Last updated: Sun, Mar 11, 2001

Mexico: Zapatistas take their struggle to the capital

Tens of thousands of Mexicans, backed by supporters from across the world, have been flocking to the Zapatistas’ March for Indigenous Dignity, which is set to arrive in Mexico City on 11 March.

The march set off from the EZLN’s base in the rebel province of Chiapas on 24 February.

Though the Mexican government has given official "protection", the march has met with serious opposition from reactionary local governors and rightists as it gets closer to the capital.

Brutal police and paramilitary violence flared when the EZLN Caravan passed through Cancun and merged with mass protests against the World Economic Forum being held to plan austerity measures against the Mexican people.

Led by Subcomandante Marcos - the guerilla fighter, poet and radical democrat who has inspired new forms of protest worldwide - the Caravan is aiming to win support for demands on the government, which the EZLN says are preconditions for peace talks. These include a new law enshrining rights for indigenous Indian peoples and the release of EZLN prisoners.

When the march reached Ixmiquilpan, Zapatista leader Marcos delivered an extraordinary improvised speech to the thousands in torrential rain:

"For them democracy has to do with a calendar. On such an hour, on such a day, an election. We are all citizens, and we can all have opinions, but the rest of the time our word doesn’t count for anything.
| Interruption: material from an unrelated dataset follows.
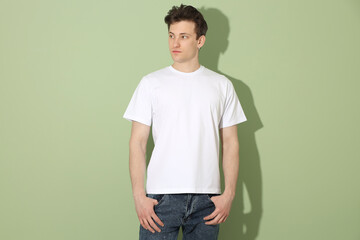 Fototapeta premium Handsome young man wearing blank white t-shirt on light green background. Mockup for design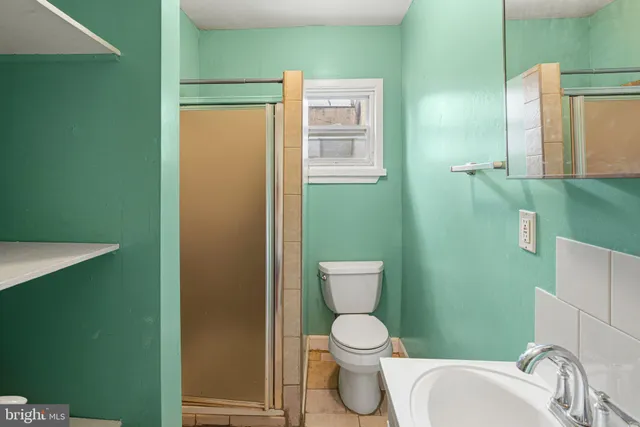 a bathroom with a toilet and a sink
The rest of the time a group of professional politicians makes decisions for us, without asking us if we’re in agreement, without taking into account whether it can do us damage or be to our benefit.

"There’s another difference between their liberty and ours. For them, liberty is the liberty to buy or sell.
"For us, the ones who have it hard, what can we buy or sell? The only thing we can sell is our blood, our hands - and even so, we have to sell them very cheaply. That’s not the liberty we want."

On 27 February 27, nearly 500 activists took the anti-capitalist protest movement to the doorstep of the World Economic Forum in Cancun, in the Mexican State of Quintana Roo.

The demonstrators were attacked by paramilitary police armed with tear gas, truncheons and shields. As a result, 45 people were arrested and several injured - two of them seriously.

The attack took place outside a hotel where Mexico’s president, Vicente Fox, was meeting with bosses and top bankers.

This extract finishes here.